----- Information -----
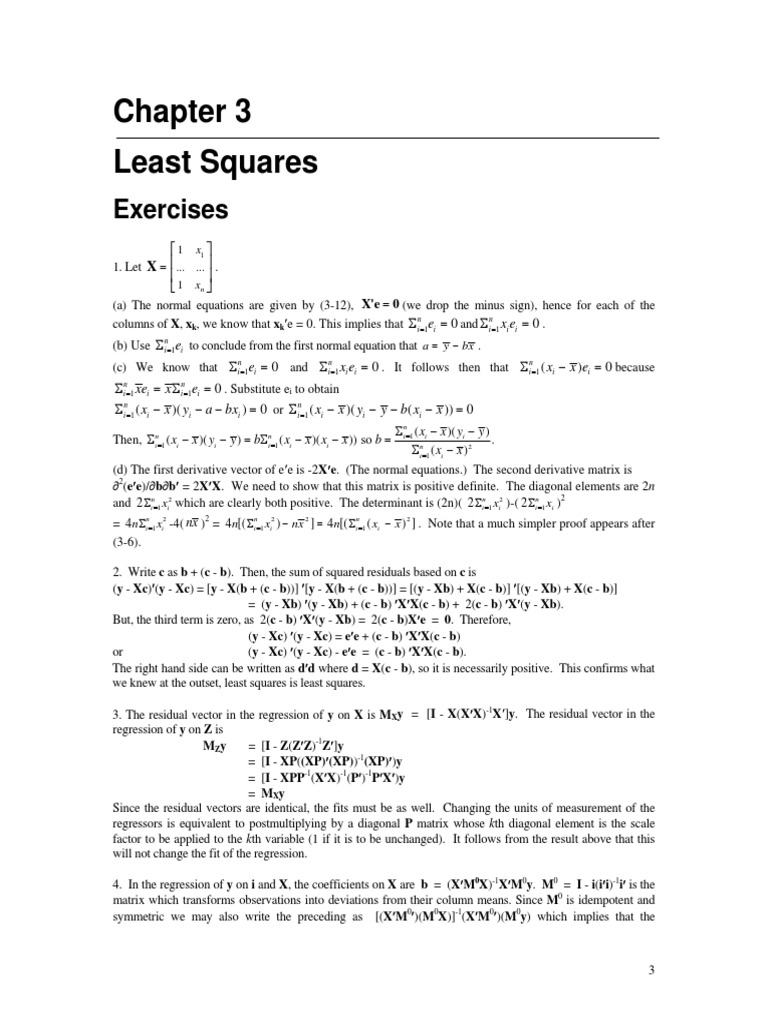 Least Squares Exercises and Concepts | PDF | Errors And Residuals ...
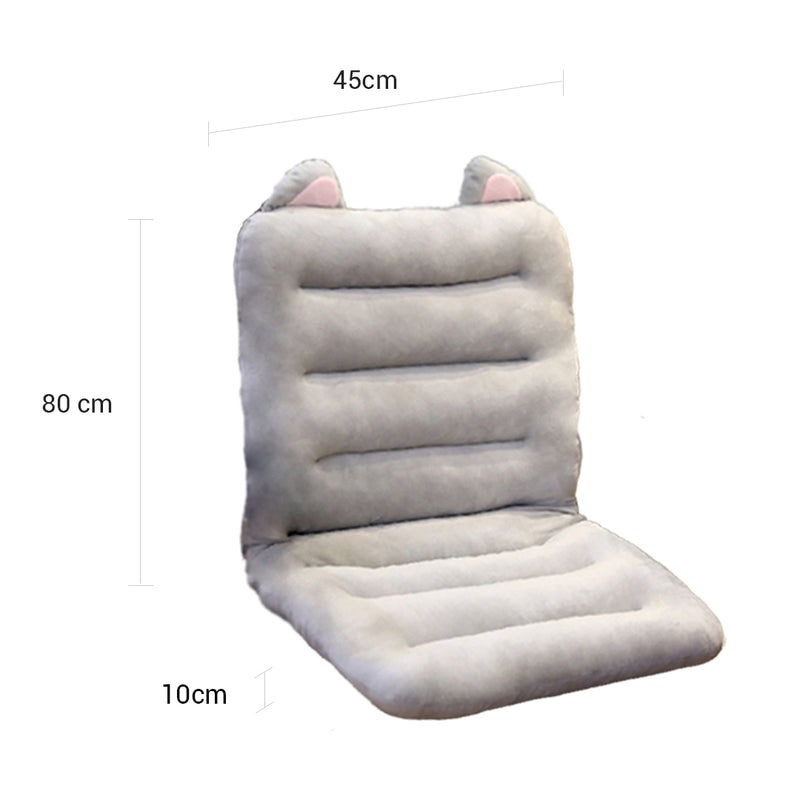 Grey Siamese Cushion With Cat Ears Office Chair Back Waist Support Decor 80cm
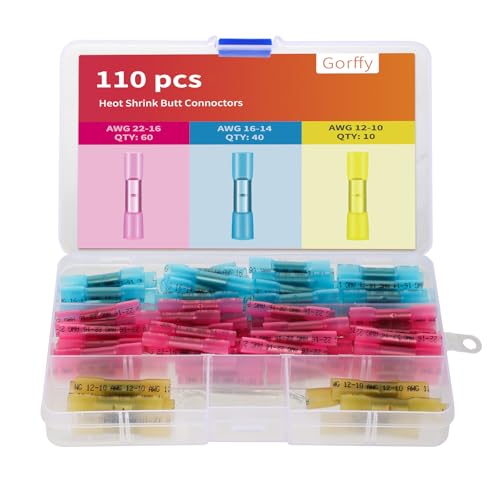 Connecteurs thermorétractables étanches – 110 pcs (AWG 22–16/16–14/12–10) – Cosses bout à bout à sertir, cuivre étamé, adhésif – Kit auto,...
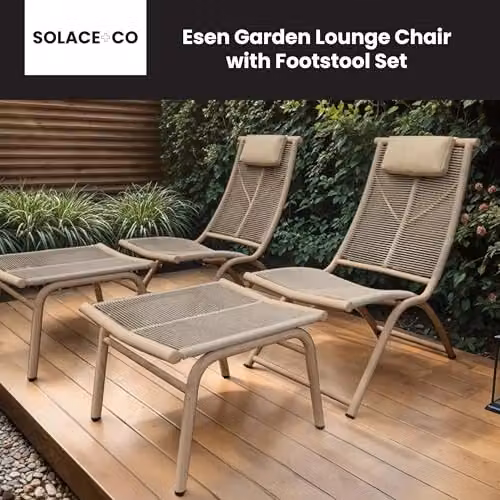 Solace+Co Esen Rattan Garden Sun Loungers with Matching Ottomans, Set of 2, Beige – 2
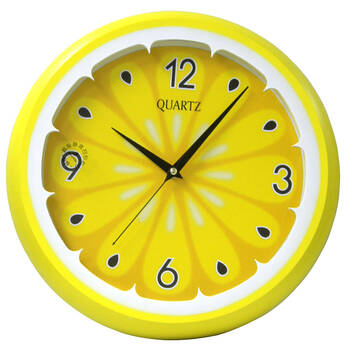 逸品轩 康巴丝机 14寸创意柠檬造型时钟 挂钟 客厅 静音 简约 黄色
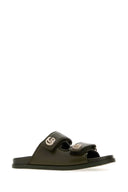 Gucci Olive Green Leather Slippers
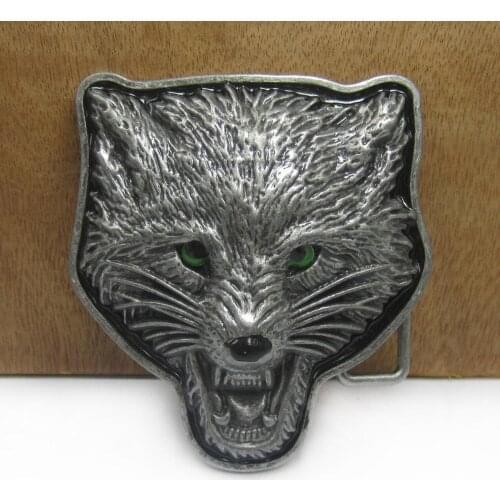 BuckleClub retro wholesale zinc alloy wolf head belt buckle western jeans gift belt buckle FP-03412 PEWTER FINISH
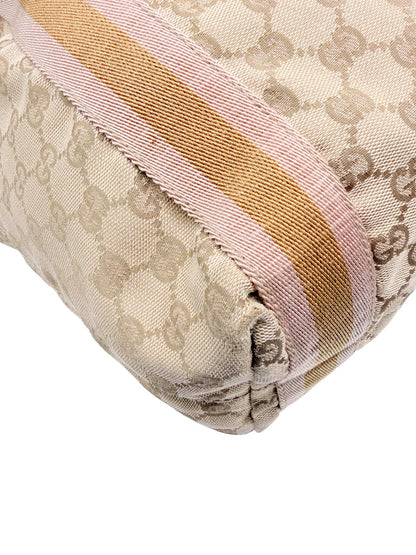 GG Monogram Large Canvas Web Tote Bag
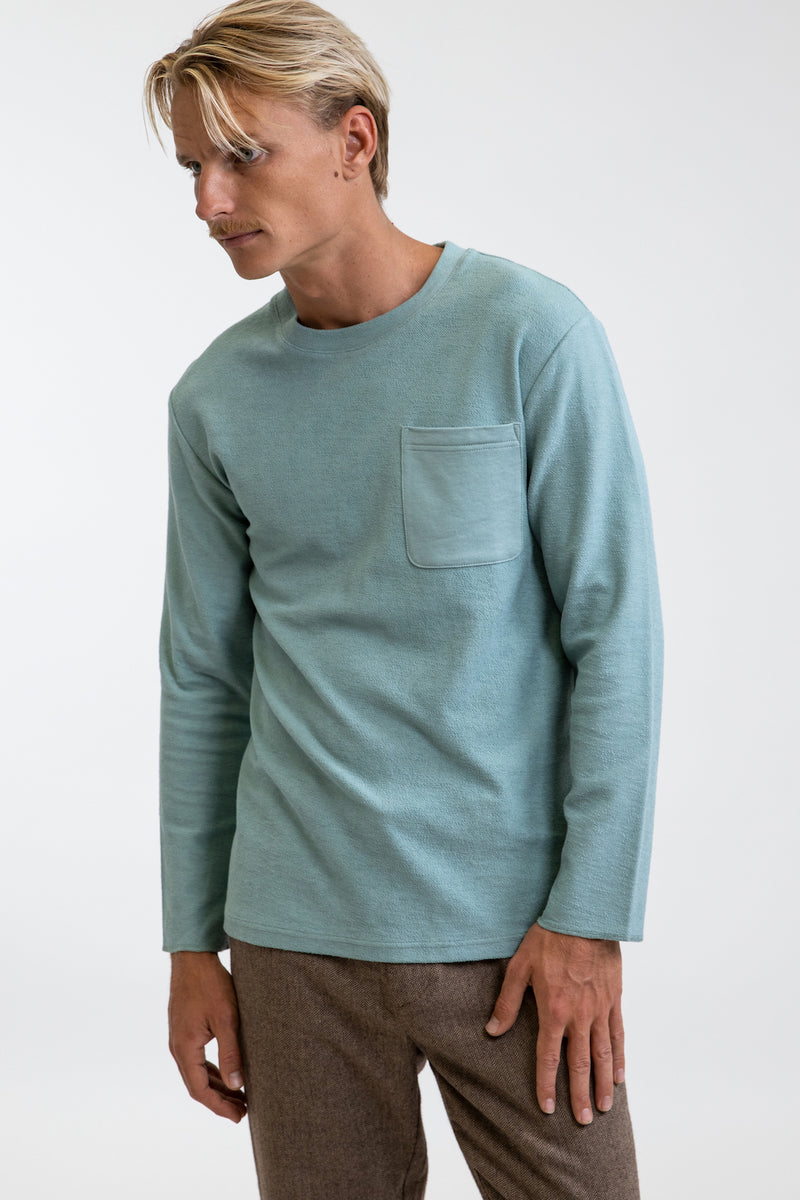 Rhythm - T-Shirt Vintage Terry Ls - Teal - Homme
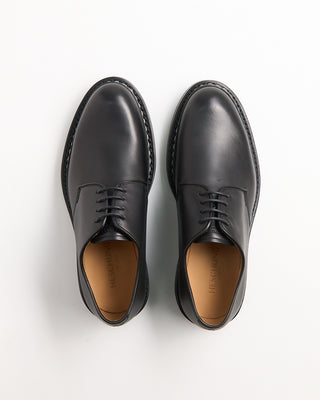 Heschung Crocus Reverse Welted Anilcalf Leather Derby Shoes Black 2132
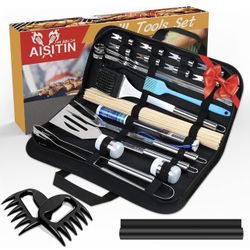 AISITIN 75PCS Grill Accessories, Stainless Steel Grill Set with Spatula, Thermometer and Cleaning Brush, Perfect BBQ Accessories Gift Set for Dad, Dur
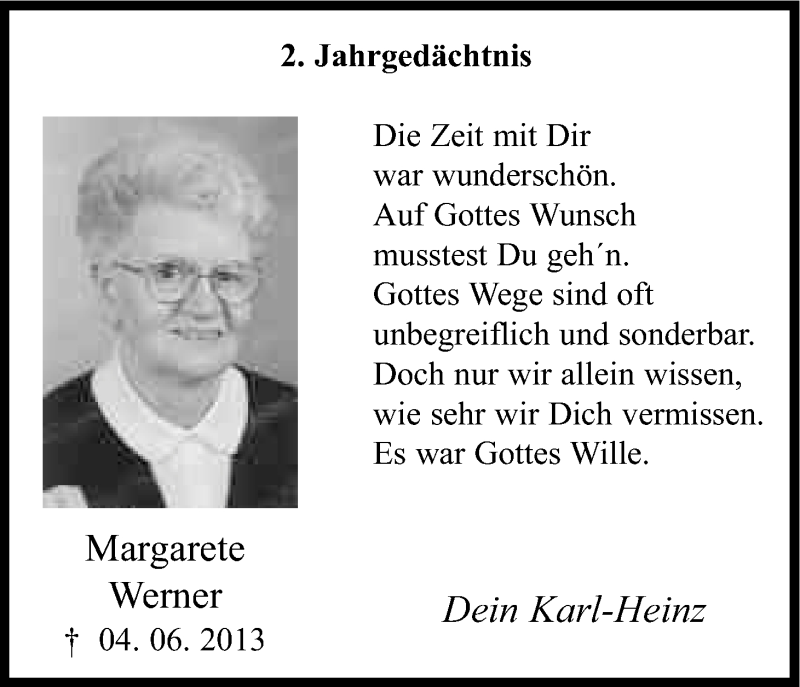  Traueranzeige für Margarete Werner vom 04.06.2015 aus Kölner Stadt-Anzeiger / Kölnische Rundschau / Express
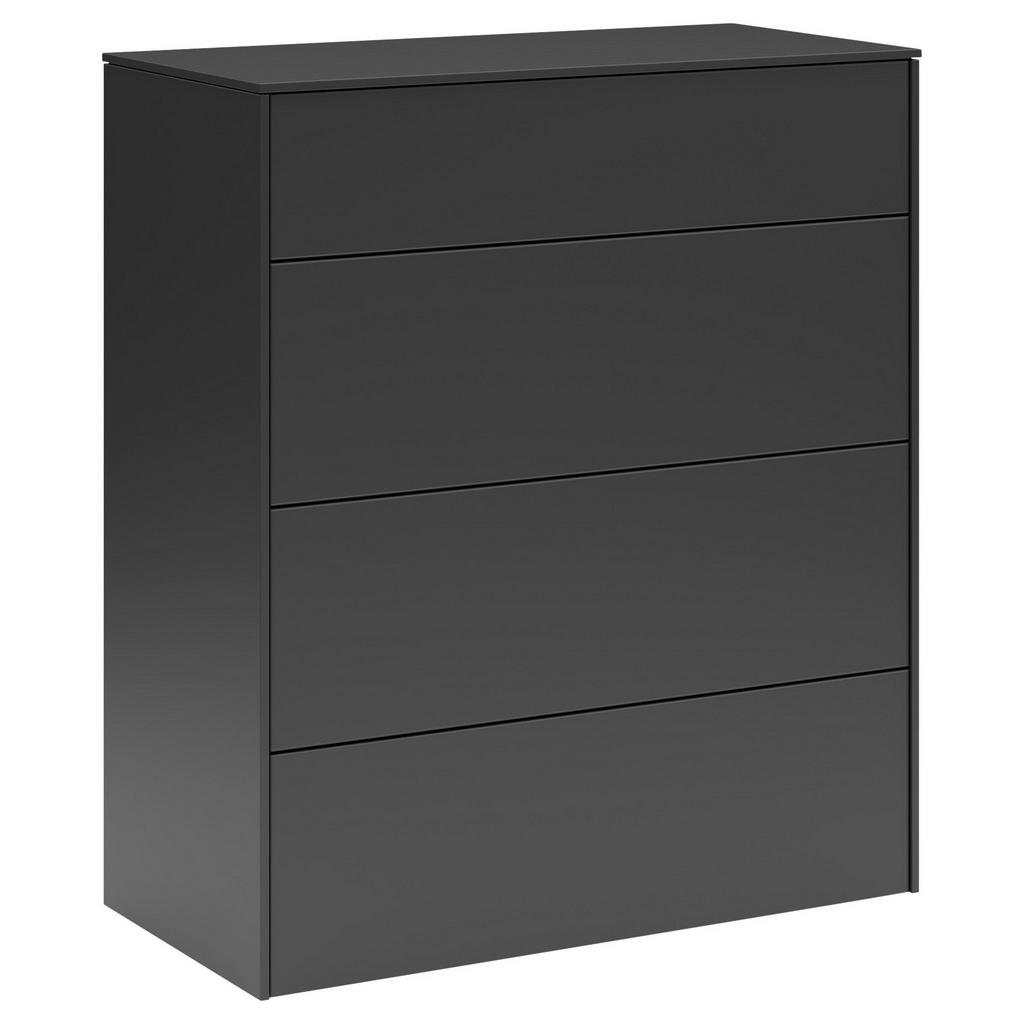 SetOne by Musterring Sideboard Riverside, Schwarz, Holzwerkstoff, 4 Schubladen, 82x97x42 cm, DIN EN ISO 9001, Typenauswahl, Beimöbel erhältlich, stehend, Wohnzimmer, Kommoden & Sideboards, Sideboards von SetOne by Musterring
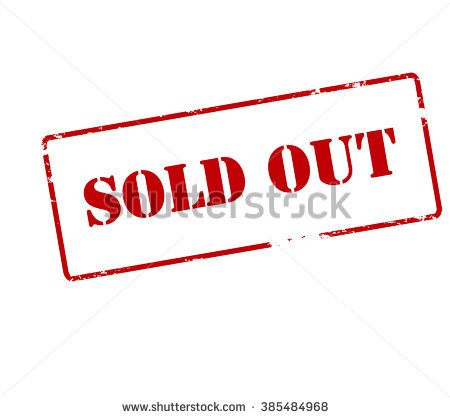 Rubber stamp with text sold out inside, vector illustration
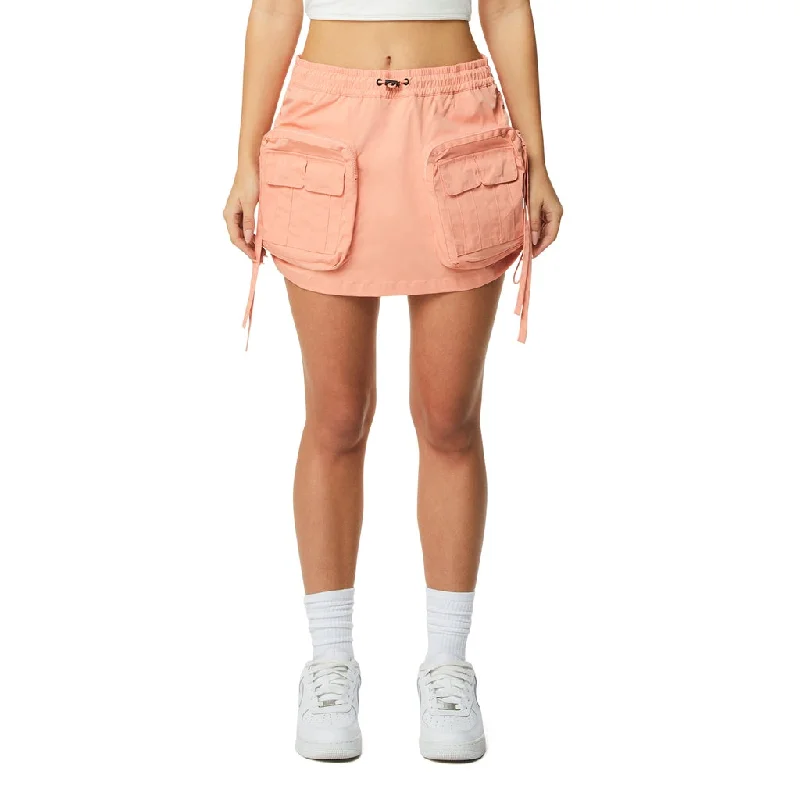 Casual Comfort Shirring Utility Mini Skirt - Sand Coral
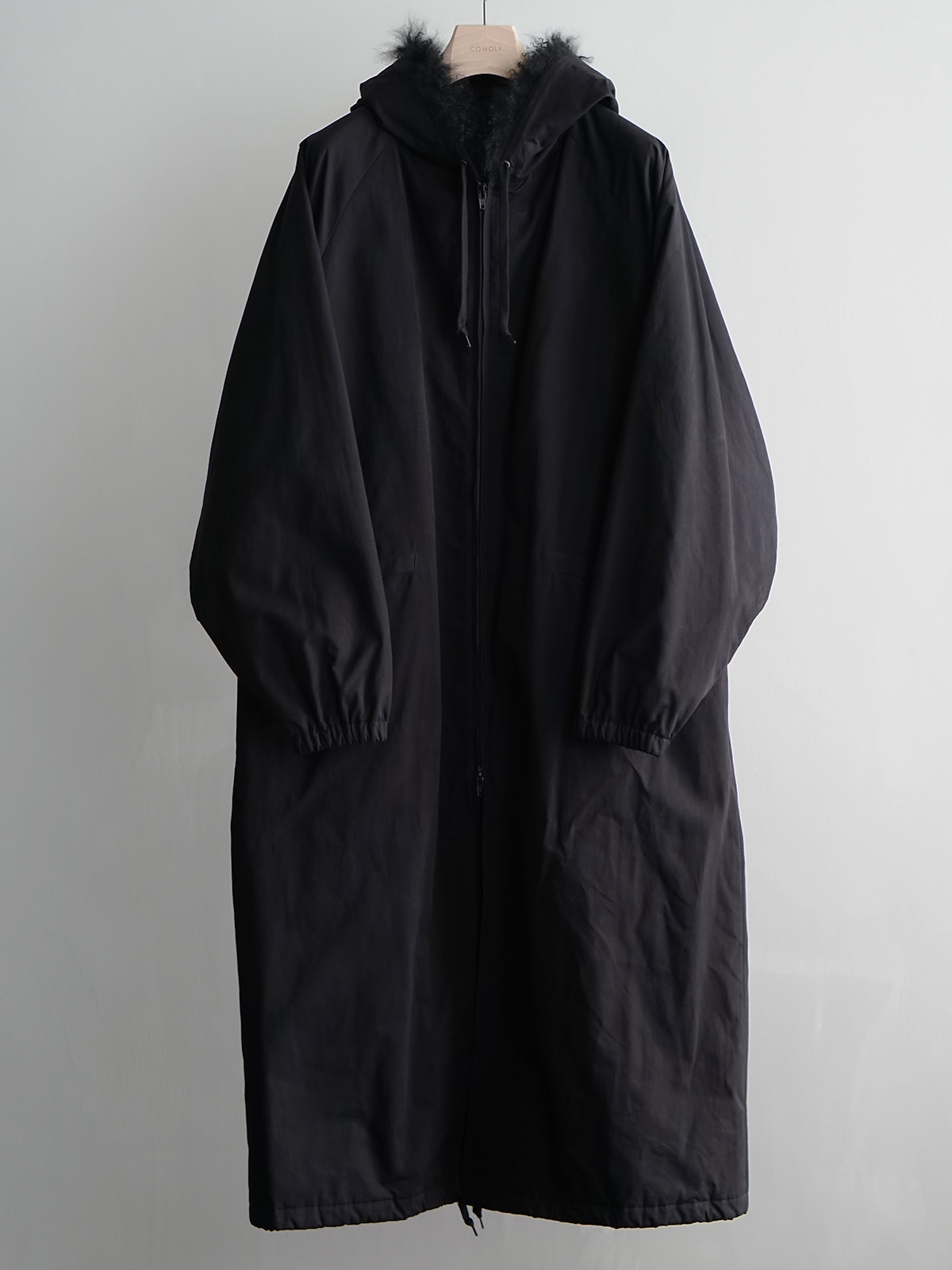 hooded long coat c1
-----
- [Task details]:
Reproduce the data word for word without its images.

- [Solution to the exercise]:
 Least Squares Exercises and Concepts | PDF | Errors And Residuals ...
 Grey Siamese Cushion With Cat Ears Office Chair Back Waist Support Decor 80cm
 Connecteurs thermorétractables étanches – 110 pcs (AWG 22–16/16–14/12–10) – Cosses bout à bout à sertir, cuivre étamé, adhésif – Kit auto,...
 Solace+Co Esen Rattan Garden Sun Loungers with Matching Ottomans, Set of 2, Beige – 2
 逸品轩 康巴丝机 14寸创意柠檬造型时钟 挂钟 客厅 静音 简约 黄色
 Gucci Olive Green Leather Slippers
 BuckleClub retro wholesale zinc alloy wolf head belt buckle western jeans gift belt buckle FP-03412 PEWTER FINISH
 GG Monogram Large Canvas Web Tote Bag
 Rhythm - T-Shirt Vintage Terry Ls - Teal - Homme
 Heschung Crocus Reverse Welted Anilcalf Leather Derby Shoes Black 2132
 AISITIN 75PCS Grill Accessories, Stainless Steel Grill Set with Spatula, Thermometer and Cleaning Brush, Perfect BBQ Accessories Gift Set for Dad, Dur
  Traueranzeige für Margarete Werner vom 04.06.2015 aus Kölner Stadt-Anzeiger / Kölnische Rundschau / Express
 SetOne by Musterring Sideboard Riverside, Schwarz, Holzwerkstoff, 4 Schubladen, 82x97x42 cm, DIN EN ISO 9001, Typenauswahl, Beimöbel erhältlich, stehend, Wohnzimmer, Kommoden & Sideboards, Sideboards von SetOne by Musterring
 Rubber stamp with text sold out inside, vector illustration
 Casual Comfort Shirring Utility Mini Skirt - Sand Coral
 hooded long coat c1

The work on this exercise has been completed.